── Dataset ──

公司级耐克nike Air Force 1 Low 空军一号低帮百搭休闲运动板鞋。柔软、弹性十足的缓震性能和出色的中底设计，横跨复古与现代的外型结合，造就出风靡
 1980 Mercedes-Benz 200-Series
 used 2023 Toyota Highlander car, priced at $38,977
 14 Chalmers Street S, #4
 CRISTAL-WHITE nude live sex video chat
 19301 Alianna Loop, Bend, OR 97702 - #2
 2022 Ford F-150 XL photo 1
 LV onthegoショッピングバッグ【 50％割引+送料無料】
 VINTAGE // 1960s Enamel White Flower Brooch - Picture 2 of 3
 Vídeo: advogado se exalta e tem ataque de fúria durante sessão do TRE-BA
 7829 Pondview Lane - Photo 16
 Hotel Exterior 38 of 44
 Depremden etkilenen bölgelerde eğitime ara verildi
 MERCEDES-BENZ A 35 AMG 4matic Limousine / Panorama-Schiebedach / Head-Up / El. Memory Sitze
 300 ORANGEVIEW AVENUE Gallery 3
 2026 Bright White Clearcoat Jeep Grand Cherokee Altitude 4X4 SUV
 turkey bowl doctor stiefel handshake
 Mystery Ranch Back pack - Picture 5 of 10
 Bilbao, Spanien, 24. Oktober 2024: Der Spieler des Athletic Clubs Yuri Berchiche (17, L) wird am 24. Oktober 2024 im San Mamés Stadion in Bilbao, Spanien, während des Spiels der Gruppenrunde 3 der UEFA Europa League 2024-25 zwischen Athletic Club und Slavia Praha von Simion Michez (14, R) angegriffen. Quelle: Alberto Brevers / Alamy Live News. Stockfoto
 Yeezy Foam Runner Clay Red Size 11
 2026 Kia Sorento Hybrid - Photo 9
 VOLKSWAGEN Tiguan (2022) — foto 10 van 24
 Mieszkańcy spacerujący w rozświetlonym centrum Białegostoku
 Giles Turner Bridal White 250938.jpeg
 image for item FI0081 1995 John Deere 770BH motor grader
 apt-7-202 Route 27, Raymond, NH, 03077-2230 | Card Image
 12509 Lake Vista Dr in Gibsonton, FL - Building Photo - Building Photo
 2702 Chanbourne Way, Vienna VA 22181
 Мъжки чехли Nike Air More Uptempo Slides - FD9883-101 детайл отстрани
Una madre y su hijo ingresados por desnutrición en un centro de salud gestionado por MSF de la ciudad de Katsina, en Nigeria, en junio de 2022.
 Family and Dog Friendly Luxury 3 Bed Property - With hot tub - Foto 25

───

(Work instruction) Once the line with "Una madre y" is found, write out that line and every one after it through the last line of the records, exactly and with nothing else.

(Exercise solution)
Una madre y su hijo ingresados por desnutrición en un centro de salud gestionado por MSF de la ciudad de Katsina, en Nigeria, en junio de 2022.
 Family and Dog Friendly Luxury 3 Bed Property - With hot tub - Foto 25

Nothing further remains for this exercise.